Submeto a apreciação do Conselho Diretor do INEA para manifestação quanto às medidas cabíveis, recomendando que o assunto seja posteriormente debatido no Conselho da APA de Tamoios para a elaboração de estratégias que contemplem medidas que deverão ser adotadas em curto e médio prazo objetivando minimizar os impactos sobre a unidade de conservação.
Júlio César Lopes de Avelar
Superintendente Regional / SUPBIG
Mat. 390.255-8
Trata-se de vistoria objetivando atender a denúncia enviada por mail pelo Sr. Ivan Marcelo Neves, Secretário Executivo do Instituto Socioambiental da Baía da Ilha Grande, onde informa que a empresa Valle Sul está realizando o asfaltamento das ruas do bairro Itinga, a serviço da Prefeitura Municipal de Angra dos Reis. Alerta para o processo de ocupação desordenada, colocando em risco a vegetação de mangue, restinga e comprometimento dos corpos hídricos, inclusive a praia.
2. Condições de localização
O bairro do Itinga está assentado em uma planície situada entre a Rodovia Mário Covas (BR 101) e a Praia do Itinga, confrontando pelo lado direito, para quem olha para o mar, com o Condomínio Bracuhy e pelo lado esquerdo com a retroterra da localidade denominada Ilha Comprida (Figura 1).

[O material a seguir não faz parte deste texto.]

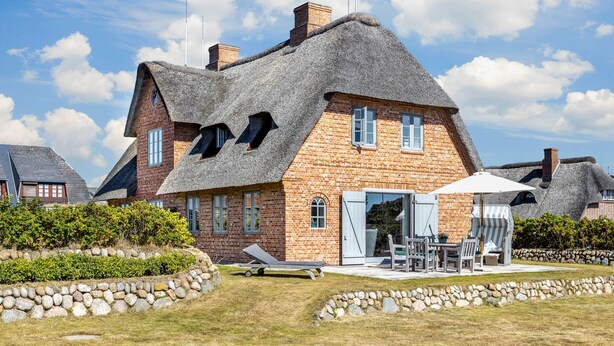 Ein Haus mit einem Reetdach, Ziegelwänden und einem Steinweg, der zu einer Terrasse mit Gartenmöbeln führt.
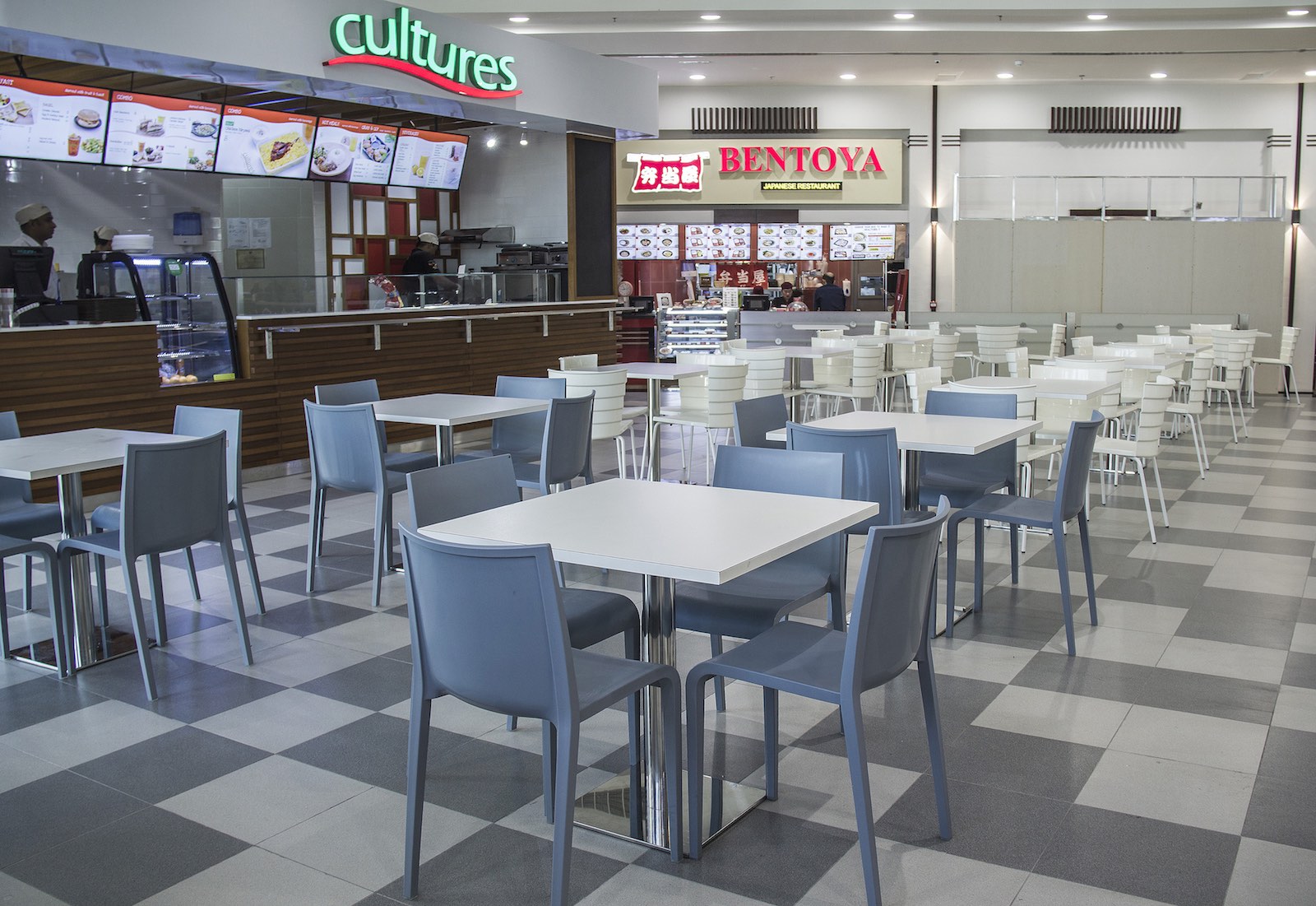 Tables and chairs of Jafza food court 15 with restaurants on the background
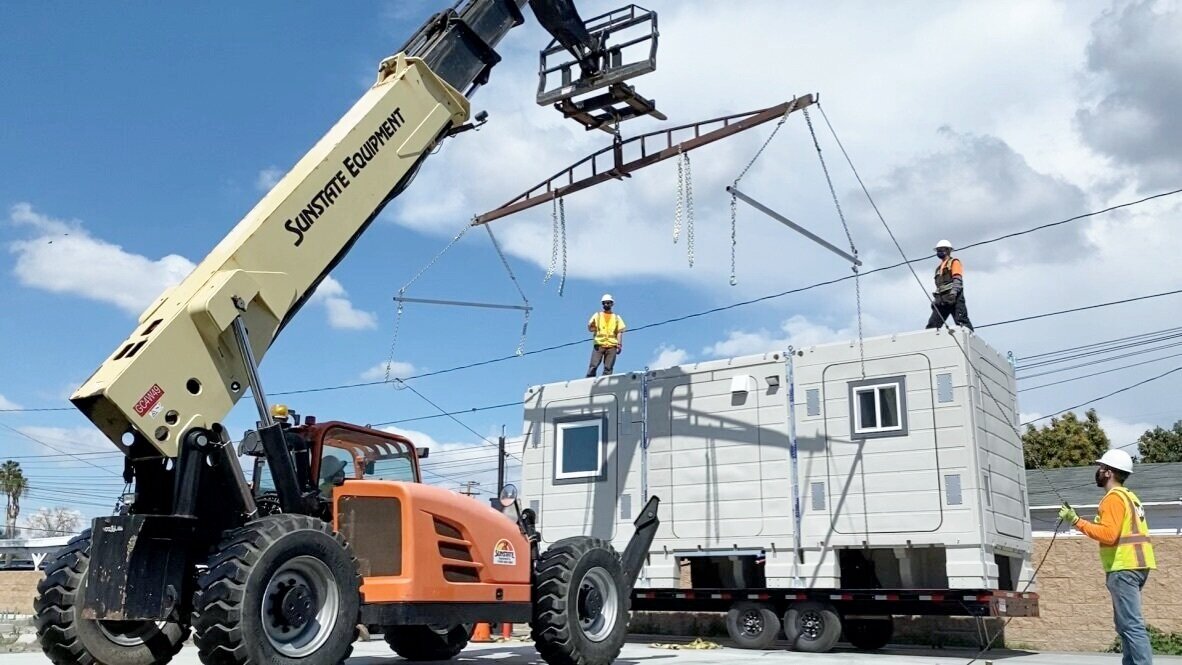 A crane lifts a plastic modular home onto the asphalt A crane lifts a plastic modular home onto the asphalt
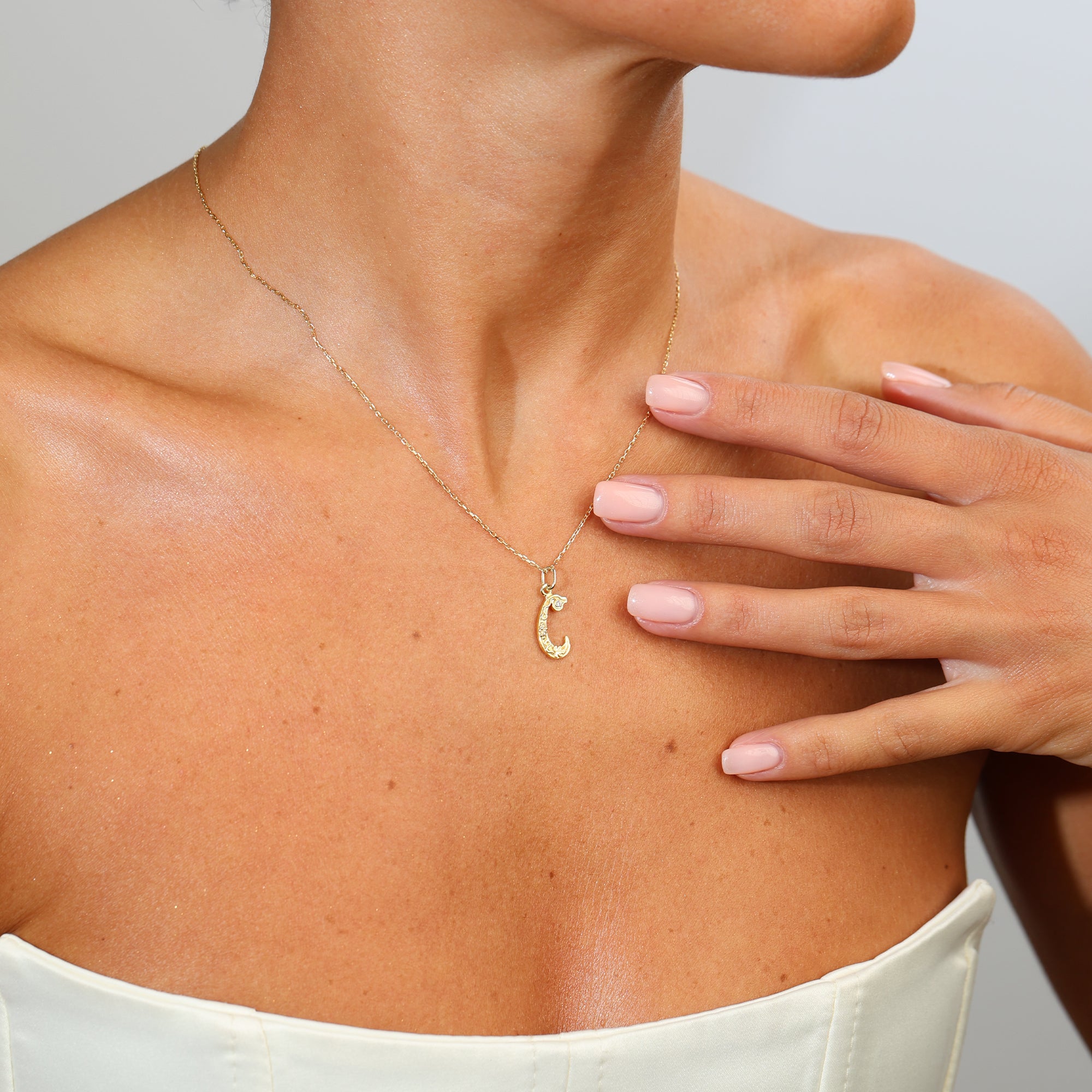 Gold necklace with a 'C' pendant worn by a person, with a hand touching the chest.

Nesta área encontram-se significativas manchas florestais características da Mata Atlântica, com fragmentos de manguezais, restingas, áreas alagadas (taboais), além de corpos hídricos. A praia do Itinga caracteriza-se pela existência de praticamente 4 arcos praiais, sendo que o maior deles é segmentado por dois rios. O somatório dos quatro arcos aproxima-se de 1500 metros lineares.
Somente um arco praial encontra-se relativamente urbanizado, onde está ocorrendo a pavimentação, sendo que nos demais a vegetação ainda predomina junto à praia. O comprimento deste arco é de aproximadamente 230 metros lineares.
A praia apresenta uma estreita faixa de areia fina, de coloração escura, e o mar no local é de baixa energia na maior parte do tempo.
O bairro do Itinga apresenta uma rua central denominada Rua Paraíba, retilínea e com comprimento aproximado de 2.300 m, que sai da BR 101 até a praia, onde deriva tanto para a direita quanto para a esquerda, formando a rua Rio de Janeiro. A inflexão para a esquerda finaliza no canto do arco praial, enquanto que à da direita sai na Rua Maria Cândida Sabino de Almeida que apresenta um traçado mais sinuoso e, a princípio, finaliza no condomínio Bracuhy. Paralela à Rua Paraíba encontra-se outro arruamento, em condições precárias na maior parte do trecho, sendo cortadas por ruas perpendiculares, formando as quadras. No entanto, o arruamento não se encontra geométrico, uma vez que em alguns trechos o adensamento populacional é baixo, permitindo a recuperação da vegetação. Desta forma, visualizam-se três núcleos populacionais, sendo dois ao longo da Rua Paraíba e um ao longo da Rua Maria Cândida. No entanto, ao longo das ruas, observam-se casas esparsas entremeadas por comércio e lotes vazios, porém cercados.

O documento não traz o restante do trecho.